The Rosetta Stone software produced by our Endangered Language Program possesses a unique goal. It attempts to portray the people, culture and geography of an endangered language in a way that excites young learners to study their ancestral tongue through novel technology and the accurate representation of their lives and culture.
When we began thinking of images to use in the Rosetta Stone Navajo software, there were some obvious choices — the Navajo Nation tribal offices, Window Rock and the reigning Miss Navajo. These were highly recognizable, but we also wanted to feature ordinary people engaging in every-day activities.

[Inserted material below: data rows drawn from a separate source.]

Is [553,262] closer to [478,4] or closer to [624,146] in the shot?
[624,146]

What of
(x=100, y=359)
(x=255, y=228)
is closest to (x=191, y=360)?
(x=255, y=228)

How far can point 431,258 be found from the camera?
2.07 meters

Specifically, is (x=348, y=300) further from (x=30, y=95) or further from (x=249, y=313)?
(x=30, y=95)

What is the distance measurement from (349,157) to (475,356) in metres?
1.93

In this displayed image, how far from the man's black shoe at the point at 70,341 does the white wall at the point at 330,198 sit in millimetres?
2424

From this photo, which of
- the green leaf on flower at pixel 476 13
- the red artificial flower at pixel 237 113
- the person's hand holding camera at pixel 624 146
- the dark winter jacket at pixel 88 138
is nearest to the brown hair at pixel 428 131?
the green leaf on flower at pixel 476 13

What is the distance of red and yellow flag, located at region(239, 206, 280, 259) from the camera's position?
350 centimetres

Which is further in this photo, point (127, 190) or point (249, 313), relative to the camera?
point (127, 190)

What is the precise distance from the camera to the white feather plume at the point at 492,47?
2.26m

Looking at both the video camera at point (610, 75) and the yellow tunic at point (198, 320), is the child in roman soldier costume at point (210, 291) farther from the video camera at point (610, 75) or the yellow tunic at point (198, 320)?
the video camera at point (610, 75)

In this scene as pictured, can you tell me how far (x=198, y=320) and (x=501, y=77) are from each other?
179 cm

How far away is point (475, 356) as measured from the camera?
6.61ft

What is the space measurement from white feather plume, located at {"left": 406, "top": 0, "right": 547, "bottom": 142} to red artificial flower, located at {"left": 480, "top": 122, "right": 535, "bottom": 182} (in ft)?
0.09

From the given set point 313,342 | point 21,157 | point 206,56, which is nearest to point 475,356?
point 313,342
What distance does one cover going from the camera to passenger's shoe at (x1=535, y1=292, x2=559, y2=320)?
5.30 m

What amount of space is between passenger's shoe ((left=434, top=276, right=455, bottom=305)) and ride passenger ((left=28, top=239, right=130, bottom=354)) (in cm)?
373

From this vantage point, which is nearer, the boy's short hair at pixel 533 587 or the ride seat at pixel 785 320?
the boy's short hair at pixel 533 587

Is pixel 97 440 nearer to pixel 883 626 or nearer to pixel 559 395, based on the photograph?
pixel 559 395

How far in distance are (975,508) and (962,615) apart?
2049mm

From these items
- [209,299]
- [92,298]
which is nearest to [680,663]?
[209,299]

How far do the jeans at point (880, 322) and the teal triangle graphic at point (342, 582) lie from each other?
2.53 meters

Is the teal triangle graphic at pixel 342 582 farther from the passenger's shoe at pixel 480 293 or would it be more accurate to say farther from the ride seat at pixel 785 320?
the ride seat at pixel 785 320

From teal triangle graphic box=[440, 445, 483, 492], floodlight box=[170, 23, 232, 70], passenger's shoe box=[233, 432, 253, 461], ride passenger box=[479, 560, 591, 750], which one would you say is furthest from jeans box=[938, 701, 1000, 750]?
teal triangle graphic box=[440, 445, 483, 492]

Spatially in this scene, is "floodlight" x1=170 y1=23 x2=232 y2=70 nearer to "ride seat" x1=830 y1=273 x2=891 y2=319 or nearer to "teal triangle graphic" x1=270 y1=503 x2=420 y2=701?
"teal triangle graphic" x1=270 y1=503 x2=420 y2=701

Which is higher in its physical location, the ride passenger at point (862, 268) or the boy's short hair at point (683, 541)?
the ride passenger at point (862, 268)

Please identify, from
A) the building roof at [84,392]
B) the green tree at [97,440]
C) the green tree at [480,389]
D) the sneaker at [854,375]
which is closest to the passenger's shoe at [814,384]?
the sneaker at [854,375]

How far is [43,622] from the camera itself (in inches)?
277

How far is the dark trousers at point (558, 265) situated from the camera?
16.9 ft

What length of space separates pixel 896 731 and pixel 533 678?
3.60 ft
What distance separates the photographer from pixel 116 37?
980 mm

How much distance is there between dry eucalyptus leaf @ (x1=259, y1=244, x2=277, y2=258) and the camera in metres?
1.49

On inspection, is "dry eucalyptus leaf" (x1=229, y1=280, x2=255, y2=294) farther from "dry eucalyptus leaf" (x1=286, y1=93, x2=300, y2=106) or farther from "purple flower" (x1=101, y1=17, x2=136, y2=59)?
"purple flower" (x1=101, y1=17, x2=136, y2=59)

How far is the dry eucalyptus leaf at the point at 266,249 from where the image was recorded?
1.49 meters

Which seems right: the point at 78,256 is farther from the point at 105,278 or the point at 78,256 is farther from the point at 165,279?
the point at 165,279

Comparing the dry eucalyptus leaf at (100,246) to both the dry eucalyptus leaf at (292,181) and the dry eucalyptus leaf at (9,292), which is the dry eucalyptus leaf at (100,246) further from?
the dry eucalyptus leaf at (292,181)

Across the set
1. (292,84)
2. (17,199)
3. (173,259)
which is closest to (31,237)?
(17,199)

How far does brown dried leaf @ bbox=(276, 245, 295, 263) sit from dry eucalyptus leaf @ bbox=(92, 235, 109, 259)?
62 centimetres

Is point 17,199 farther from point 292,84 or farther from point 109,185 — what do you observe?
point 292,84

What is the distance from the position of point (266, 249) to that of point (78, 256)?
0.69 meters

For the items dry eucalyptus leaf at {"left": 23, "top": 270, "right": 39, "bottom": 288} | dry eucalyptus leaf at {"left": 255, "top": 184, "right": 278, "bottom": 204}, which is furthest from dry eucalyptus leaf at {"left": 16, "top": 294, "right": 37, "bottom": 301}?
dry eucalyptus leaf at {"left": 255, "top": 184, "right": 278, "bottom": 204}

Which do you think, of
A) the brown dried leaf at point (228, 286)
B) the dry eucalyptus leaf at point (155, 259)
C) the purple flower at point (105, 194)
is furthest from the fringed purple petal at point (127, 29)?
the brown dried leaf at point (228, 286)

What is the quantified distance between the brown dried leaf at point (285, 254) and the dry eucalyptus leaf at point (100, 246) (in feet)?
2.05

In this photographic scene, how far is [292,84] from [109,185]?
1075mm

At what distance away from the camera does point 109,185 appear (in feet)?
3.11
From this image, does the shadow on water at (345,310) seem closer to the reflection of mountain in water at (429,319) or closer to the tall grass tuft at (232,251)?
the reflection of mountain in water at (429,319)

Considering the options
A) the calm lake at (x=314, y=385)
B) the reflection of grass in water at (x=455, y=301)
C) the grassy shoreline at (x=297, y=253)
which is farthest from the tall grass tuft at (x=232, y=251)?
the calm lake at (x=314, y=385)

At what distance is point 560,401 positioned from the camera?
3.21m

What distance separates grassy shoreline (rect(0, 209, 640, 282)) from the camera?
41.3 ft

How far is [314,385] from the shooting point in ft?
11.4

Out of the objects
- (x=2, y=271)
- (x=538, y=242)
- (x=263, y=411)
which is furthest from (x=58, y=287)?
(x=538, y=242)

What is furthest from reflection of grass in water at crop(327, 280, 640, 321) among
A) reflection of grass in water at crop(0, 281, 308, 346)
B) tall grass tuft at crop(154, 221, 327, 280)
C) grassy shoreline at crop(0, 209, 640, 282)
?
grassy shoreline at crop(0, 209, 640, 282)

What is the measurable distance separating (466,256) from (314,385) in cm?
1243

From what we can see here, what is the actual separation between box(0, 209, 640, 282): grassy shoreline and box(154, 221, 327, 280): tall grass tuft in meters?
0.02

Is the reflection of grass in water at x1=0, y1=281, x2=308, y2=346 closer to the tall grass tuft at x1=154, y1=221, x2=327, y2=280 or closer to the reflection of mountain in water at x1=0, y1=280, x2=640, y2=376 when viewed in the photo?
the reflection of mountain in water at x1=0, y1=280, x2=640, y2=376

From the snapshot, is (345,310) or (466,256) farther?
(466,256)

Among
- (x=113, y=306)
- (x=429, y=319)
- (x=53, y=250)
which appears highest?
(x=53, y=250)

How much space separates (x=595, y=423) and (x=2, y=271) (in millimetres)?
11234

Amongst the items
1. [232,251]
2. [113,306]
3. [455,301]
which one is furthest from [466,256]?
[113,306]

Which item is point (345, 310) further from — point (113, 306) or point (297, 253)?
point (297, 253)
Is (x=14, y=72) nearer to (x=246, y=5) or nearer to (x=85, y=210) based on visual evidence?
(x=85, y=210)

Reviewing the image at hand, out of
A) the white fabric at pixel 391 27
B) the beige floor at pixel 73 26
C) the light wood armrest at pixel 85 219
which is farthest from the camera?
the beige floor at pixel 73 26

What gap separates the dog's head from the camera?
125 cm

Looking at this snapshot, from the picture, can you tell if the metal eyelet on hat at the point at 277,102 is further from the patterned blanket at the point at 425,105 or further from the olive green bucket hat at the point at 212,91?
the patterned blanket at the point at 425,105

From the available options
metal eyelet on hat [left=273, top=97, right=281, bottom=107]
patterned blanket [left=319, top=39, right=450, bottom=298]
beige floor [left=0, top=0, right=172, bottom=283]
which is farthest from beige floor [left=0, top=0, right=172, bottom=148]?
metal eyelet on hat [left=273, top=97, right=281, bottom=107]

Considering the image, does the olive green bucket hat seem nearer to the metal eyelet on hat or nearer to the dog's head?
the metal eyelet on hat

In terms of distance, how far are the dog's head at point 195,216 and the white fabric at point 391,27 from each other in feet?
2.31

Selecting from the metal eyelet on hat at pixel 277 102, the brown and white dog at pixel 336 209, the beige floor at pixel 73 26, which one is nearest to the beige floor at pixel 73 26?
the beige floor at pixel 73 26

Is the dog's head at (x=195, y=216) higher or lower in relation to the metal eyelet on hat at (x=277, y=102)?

And if we could spotlight ordinary people doing something extraordinary, even better!
We spent two whirlwind weeks shooting almost 500 custom photos that will be included in the Rosetta Stone Navajo software, with a one-day stop in Blanding, Utah. Blanding may not be a town populated by high profile celebrities, but the Lickity Split Chocolate Studio and its exceptional proprietors were just the kind of celebrities we were looking for.
The Lickity Split Chocolate Studio began as the pet project of VISTA volunteer Elaine Borgen when she came face to face with the cycle of poverty in the region. Her dream was to help kids gain the necessary skills and assets to run a successful business. With an inspirational synergy fueled by the creativity of budding minds, it soon grew into a full-fledged enterprise with over 30 Native owners, all under the age of 16. Granted, chocolate may not be all that hard to sell, but an energetic 10 year-old marketing manager doesn’t hurt! When we visited the shop in June 2009, production was in full swing and in the hands of three capable young girls with no adults in sight. The signature creations of the shop, like the Navajo wedding basket lollipop and Kokopelli-shaped figures, all use themes from Native traditions.
Some of my favorite shots at the shop are of a young owner, standing at the door and bidding her customer “Hágoónee’.” Her face shows all the self-assurance of a successful entrepreneur and the pride of a job well done — and I can think of no better representation of Native youth and their potential.